NatWest is also working on voice-based biometrics and text-to-speech, where the Cora virtual assistant can be used in the IVR system to pick up and understand the intent of customers calling the contact centre. While the NatWest virtual assistant is effectively a chatbot, the bank is also looking at future developments.
Going forward, Hillier sees a world where virtual humans have the ability to interpret facial experience. In 2017, NatWest began piloting so-called “digital human” technology from New Zealand-based company Soul Machines. The company’s founder, Mark Sagar, won awards for his ground-breaking facial technology in the films King Kong and Avatar.
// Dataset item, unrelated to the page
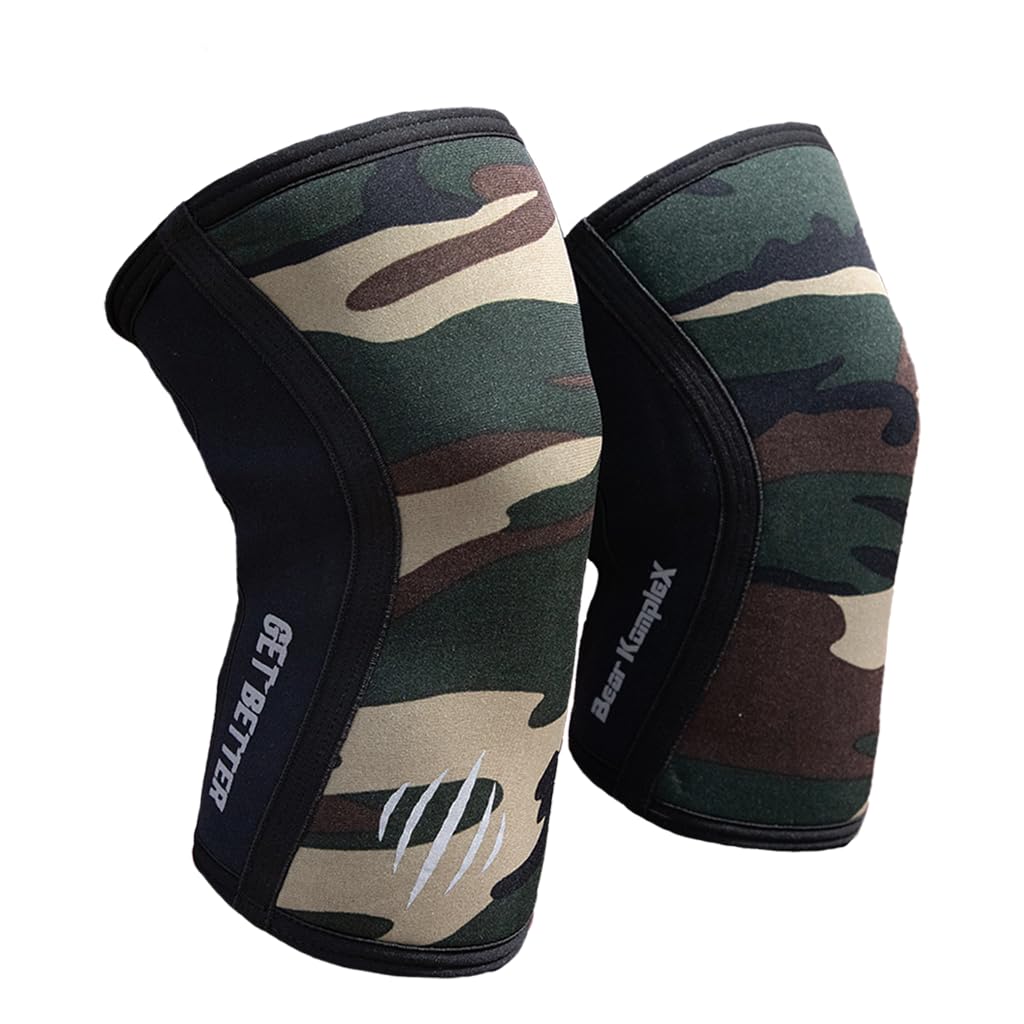 Bear KompleX Knee Sleeves for Men & Women - 5mm/7mm Compression & Heat Retention Neoprene Compression Knee Brace for Weightlifting, Squats &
Soul Machines’ technology detects human emotion and is able to react verbally as well as physically, through facial expressions. Like humans, it is trained when dealing with new subject matter and can learn from mistakes, so that, over time, the interactions become increasingly accurate.
Asked about the role of online banking in the metaverse, Hillier says that because it is not just Silicon Valley companies developing in the metaverse, “we need to be in places where our customers want us to be”.
And if Christmas purchases are anything to go by, people are buying Oculus Rift virtual reality headsets, which suggests they will be visiting the metaverse. “The key question is: what is the reason to go into an alternative reality?” says Hillier. Looking at current virtual reality games, he adds: “The highly immersive games people play around the world end when you put your headset down.”
While online banking in the metaverse is still very much a bit of a novelty, as and when people start making virtual purchases in that environment, banks like NatWest will inevitably need to develop a virtual presence to support them.